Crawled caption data
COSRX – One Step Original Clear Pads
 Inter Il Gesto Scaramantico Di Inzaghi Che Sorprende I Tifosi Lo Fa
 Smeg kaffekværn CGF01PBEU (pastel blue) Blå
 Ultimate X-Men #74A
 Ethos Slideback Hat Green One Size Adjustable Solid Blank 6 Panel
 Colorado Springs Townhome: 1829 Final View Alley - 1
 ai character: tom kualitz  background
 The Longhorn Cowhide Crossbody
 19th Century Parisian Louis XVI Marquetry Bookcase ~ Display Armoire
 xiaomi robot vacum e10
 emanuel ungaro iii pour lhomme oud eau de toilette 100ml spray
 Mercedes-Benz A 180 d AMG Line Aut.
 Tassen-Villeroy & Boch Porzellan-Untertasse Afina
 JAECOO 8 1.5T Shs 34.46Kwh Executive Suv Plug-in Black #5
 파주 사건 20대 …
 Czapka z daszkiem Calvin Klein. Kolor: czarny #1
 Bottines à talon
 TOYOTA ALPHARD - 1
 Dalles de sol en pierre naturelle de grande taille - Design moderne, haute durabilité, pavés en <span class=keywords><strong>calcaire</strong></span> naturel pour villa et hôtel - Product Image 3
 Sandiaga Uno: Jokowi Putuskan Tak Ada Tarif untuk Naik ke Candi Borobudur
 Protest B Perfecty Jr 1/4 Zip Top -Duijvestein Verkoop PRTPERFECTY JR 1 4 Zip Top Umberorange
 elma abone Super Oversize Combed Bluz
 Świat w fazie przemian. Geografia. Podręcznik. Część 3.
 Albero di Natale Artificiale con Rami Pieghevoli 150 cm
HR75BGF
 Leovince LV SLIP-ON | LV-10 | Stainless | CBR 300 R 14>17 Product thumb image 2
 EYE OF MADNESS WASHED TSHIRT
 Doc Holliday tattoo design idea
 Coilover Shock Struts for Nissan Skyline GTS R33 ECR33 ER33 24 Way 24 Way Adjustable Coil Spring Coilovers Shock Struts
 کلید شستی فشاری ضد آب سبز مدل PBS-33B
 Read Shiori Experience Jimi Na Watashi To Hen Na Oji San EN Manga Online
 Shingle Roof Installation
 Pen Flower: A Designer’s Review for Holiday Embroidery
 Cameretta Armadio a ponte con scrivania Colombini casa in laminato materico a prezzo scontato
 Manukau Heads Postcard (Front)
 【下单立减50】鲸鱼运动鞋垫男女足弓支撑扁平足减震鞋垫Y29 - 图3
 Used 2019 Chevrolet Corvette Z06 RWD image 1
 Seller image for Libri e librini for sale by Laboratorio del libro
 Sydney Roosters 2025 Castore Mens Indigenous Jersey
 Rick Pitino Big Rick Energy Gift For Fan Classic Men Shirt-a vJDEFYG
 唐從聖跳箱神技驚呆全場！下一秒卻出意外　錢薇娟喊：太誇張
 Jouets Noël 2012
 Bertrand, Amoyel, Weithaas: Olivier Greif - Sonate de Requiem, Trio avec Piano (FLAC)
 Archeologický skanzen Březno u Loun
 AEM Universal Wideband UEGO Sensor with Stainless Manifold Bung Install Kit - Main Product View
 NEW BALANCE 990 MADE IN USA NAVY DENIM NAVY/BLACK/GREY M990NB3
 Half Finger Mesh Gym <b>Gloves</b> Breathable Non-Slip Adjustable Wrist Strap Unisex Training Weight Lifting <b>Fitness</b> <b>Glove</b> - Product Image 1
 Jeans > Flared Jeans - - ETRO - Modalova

**Task item**. Retype exactly. Start at the line with "Seller image for" and stop at the last line of the data.

**Written answer**.
 Seller image for Libri e librini for sale by Laboratorio del libro
 Sydney Roosters 2025 Castore Mens Indigenous Jersey
 Rick Pitino Big Rick Energy Gift For Fan Classic Men Shirt-a vJDEFYG
 唐從聖跳箱神技驚呆全場！下一秒卻出意外　錢薇娟喊：太誇張
 Jouets Noël 2012
 Bertrand, Amoyel, Weithaas: Olivier Greif - Sonate de Requiem, Trio avec Piano (FLAC)
 Archeologický skanzen Březno u Loun
 AEM Universal Wideband UEGO Sensor with Stainless Manifold Bung Install Kit - Main Product View
 NEW BALANCE 990 MADE IN USA NAVY DENIM NAVY/BLACK/GREY M990NB3
 Half Finger Mesh Gym <b>Gloves</b> Breathable Non-Slip Adjustable Wrist Strap Unisex Training Weight Lifting <b>Fitness</b> <b>Glove</b> - Product Image 1
 Jeans > Flared Jeans - - ETRO - Modalova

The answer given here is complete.